EUROSLA - the European Second Language Association


The Clarion online

Issue 9, 2012

Editor Christina Lindqvist





Instruments for Research into Second Languages (IRIS): A free digital repository

by Emma Marsden & Alison Mackey 

IRIS (Instruments for Research Into Second Languages) is a free, online repository of materials that have been used to collect data for research into second language education. The IRIS database makes data collection instruments easily accessible. IRIS has been live since August 2012. To date (October 2012), over 100 instruments have been contributed to IRIS (with many more pledged), there have been over 600 downloads (from established and novice researchers), and the site has had over 2500 visits in the last three months. This high usage is likely to increase the visibility of the research studies that are associated with instruments that are held on IRIS. 

CONTENT. The IRIS repository contains instruments  from researchers in a wide range of countries, original publishers, funders, or journals/books, though these characteristics can be tagged and are searchable. All materials on IRIS have been used at least once to collect data for a peer-reviewed published study or an approved Ph.D. dissertation. The repository holds instruments from a rich and diverse range of research areas, theoretical and methodological perspectives. Each instrument is searchable and tagged with numerous descriptors along a variety of parameters (e.g. author, research area, linguistic feature, age of participant, L1, L2), and there is an intuitive, user-friendly interface for finding instruments. Examples of materials held on IRIS include: interview questions; observation schedules; motivation and attitude questionnaires; experimental teaching tasks; information gap tasks; sound files to elicit perception or comprehension; video and picture files for targeting specific linguistic structures; working memory capacity tests; language tests for different languages, skills and types of knowledge, including grammaticality judgement tests, gap fills, picture matching, or stimuli for narratives.  This is not an exhaustive list! The IRIS team can pursue intellectual property permission or copyright requests on behalf of contributors, and can digitise paper or analogue materials. Please email with any such requests.

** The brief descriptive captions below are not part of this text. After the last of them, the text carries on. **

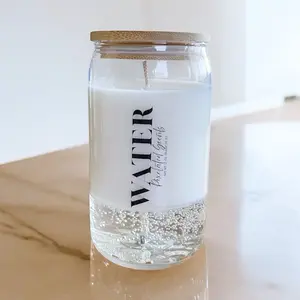 Water scented candle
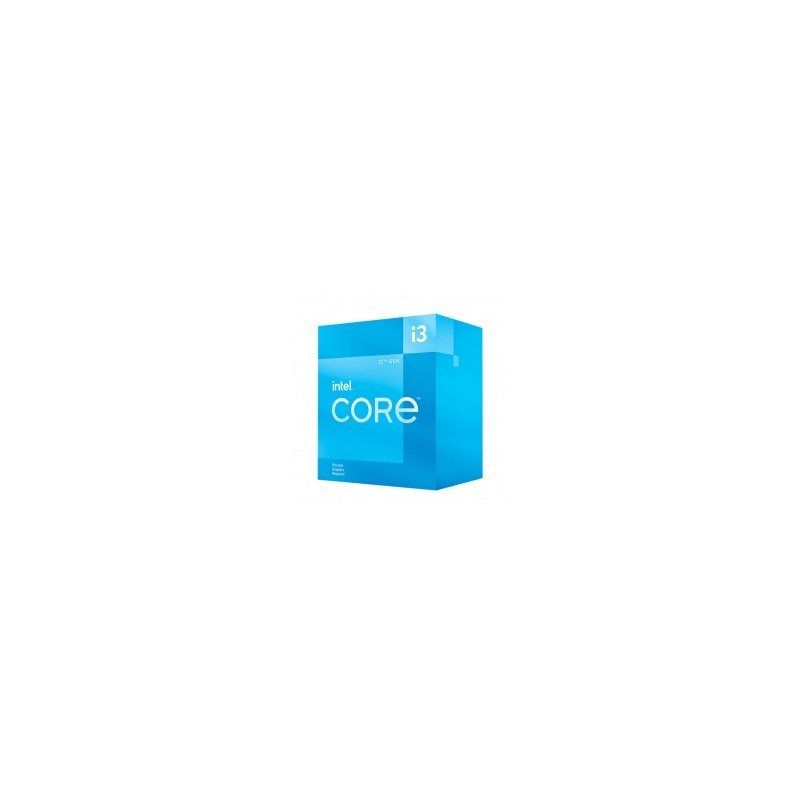 Procesador Intel Core i3 12100F, 4 Cores (4 Performance-cores / 0 Efficient-cores), 8 Threads, 3.30GHz Base, 4.90Ghz Turbo, 12Mb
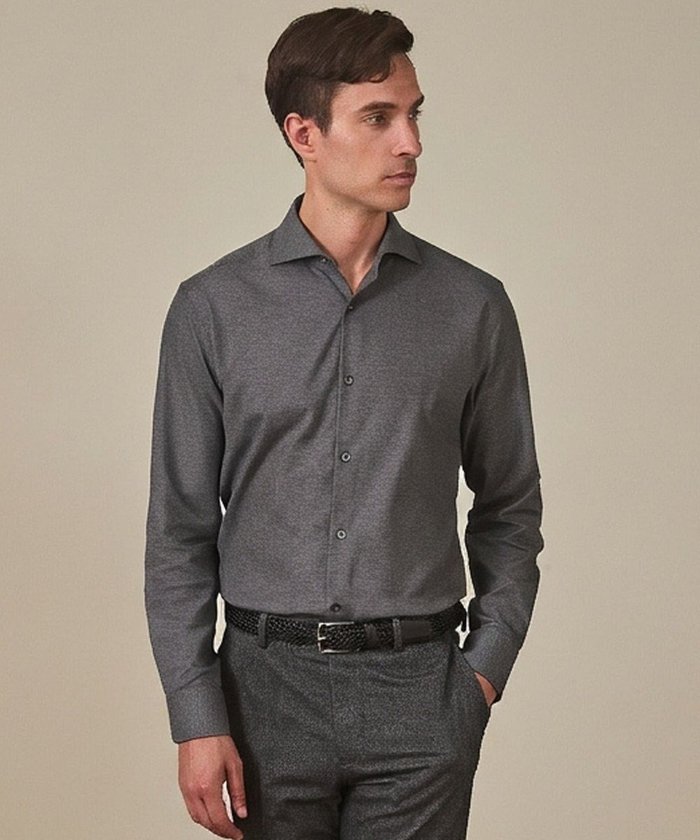 【五大陸/gotairiku / MEN】の【洗える】コットンフラノシャツ_ カッタウェイカラー インテリア・キッズ・メンズ・レディースファッション・服の通販 founy(ファニー) https://founy.com/ ファッション Fashion メンズファッション Fashion for Men トップス・カットソー Cut & Sew Tops メンズシャツ Shirts ウォッシャブル Machine Washable ジャケット Jacket, Outerwear レギュラー Regular, Standard Fit エレガント 上品 Elegant 洗える Machine Washable A/W・秋冬 Autumn/Winter |ID: prp329100004698532 ipo3291000000034319916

UPLOADING.Contributing an instrument to IRIS takes between 10 and 20 minutes (depending on how many fields you choose to fill out - there are only eight obligatory fields). One instrument can consist of any number of related files, of any type. Once an instrument has been uploaded by one author, other instruments can be submitted very quickly by changing just the relevant details. Contributors can also log in to amend their information or instruments at any time. Interaction between contributor and downloader can be selected (or de-selected). For example, contributors can choose to be alerted whenever their instrument is downloaded by another researcher, and can choose to have any comments sent back to them directly or posted on line (or request none at all!). 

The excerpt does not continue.